“This is as serious as it gets; if remote attackers are allowed to exploit the newly identified vulnerability it can critically damage thousands of enterprises.” Oege de Moor, CEO and founder of Semmle.
Dozens of Fortune 100 companies are at risk after security researchers at LGTM discovered a critical Apache Struts security flaw (CVE-2017-9805) that is “easy” to hack (Rapid7 and Tenable have released plug-ins to detect and exploit the vulnerability just one day after the disclosure). This security flaw, which affects open source server software, serves as yet another reminder to have full visibility over all components used in your software.
Lockheed Martin, the IRS, and Virgin Atlantic have all previously developed applications using the affected Struts framework. This showcases that the risk transcends our defense, financial, and transportation industries, and has the potential to have damaging outcomes for the large number of websites that use the framework.

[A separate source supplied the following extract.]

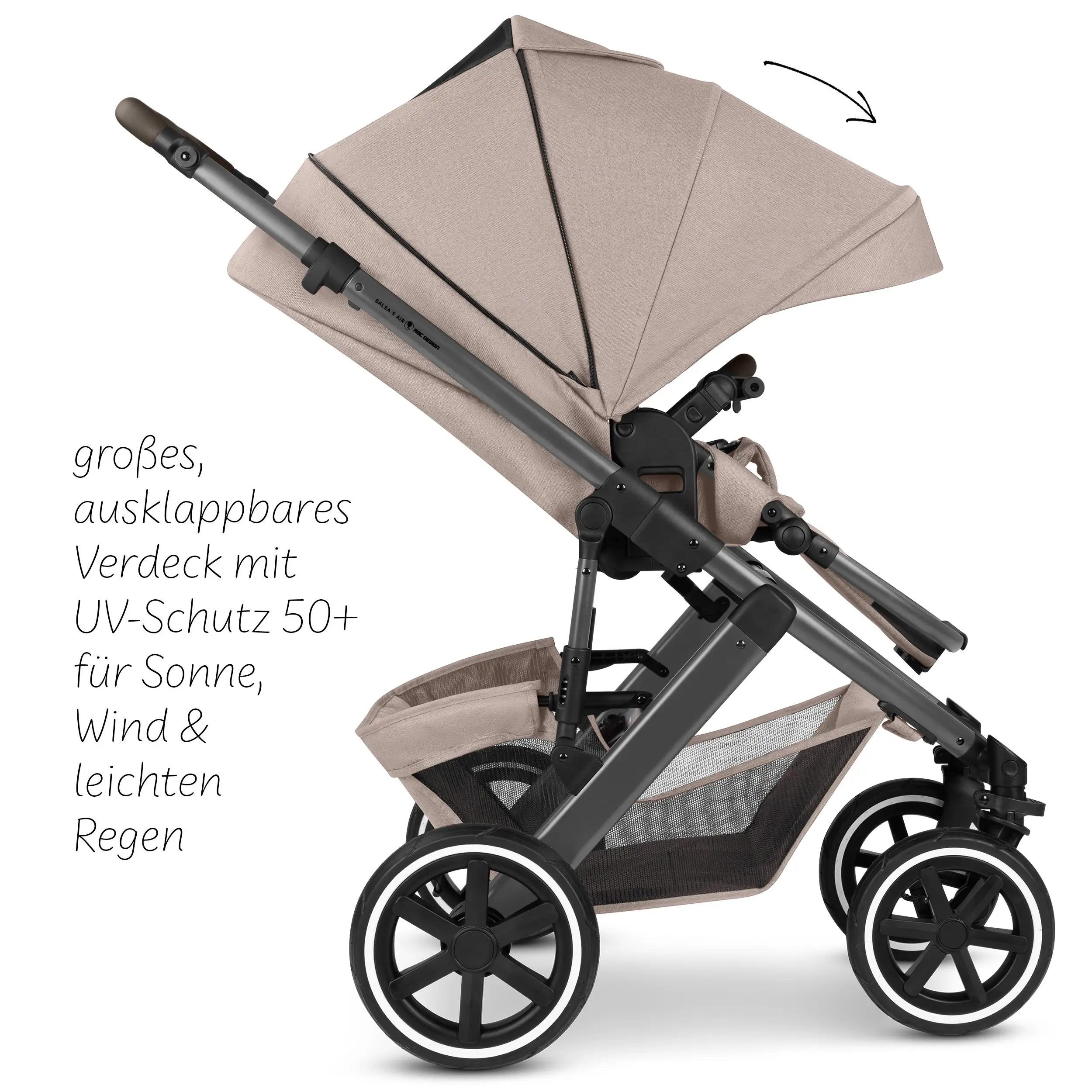3in1-Kinderwagen-Set Salsa 5 Air inkl. Babyschale Calla mit Liegefunktion - Camel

Organizations that have not kept an accurate list of all components used within each application are forced to scan their entire environment if a vulnerability is announced. Using a vulnerability assessment tool, such as those developed by Tenable or Rapid7, to identify vulnerable versions of Struts can take days, as it did for many organizations when Heartbleed was disclosed. Meanwhile, vulnerabilities are left susceptible in the interim.
This fire drill happens with every new critical vulnerability, because the vulnerability assessment tools have no persistent knowledge of the applications we build and the components used. Additionally, these tools only have plug-ins for a handful of the vulnerabilities reported in open source components each year. Companies that rely solely on the tools are blind to the thousands of vulnerabilities in open source each year for which plug-ins aren’t built.
There is a simpler way to handle these incidents, and it’s not new nor a secret. In fact, the automotive industry solved this problem over one hundred years ago. It’s called a bill of materials; a detailed listing for all parts used in a vehicle. When a recall is issued for a part such as an airbag, the OEMs don’t have to scan every vehicle manufactured to discover which ones are using the defective part. Through the bill of materials, they know precisely which vehicles are affected, down to the VIN.
Doing the same with software — maintaining an accurate list of all components used in each application — makes incident response much easier when vulnerabilities like this are disclosed. While a software bill of materials won’t tell you whether or not the vulnerabilities are exploitable — you still need Tenable or Rapid7 for that — it will allow you to quickly know which applications are potentially vulnerable and save your security team hours or days of assessment time.
For now, if you don’t need REST remove the plug-in. As soon as possible, users are advised to update the components of Apache Struts to versions 2.3.34 and 2.5.13, per the LGTM security team.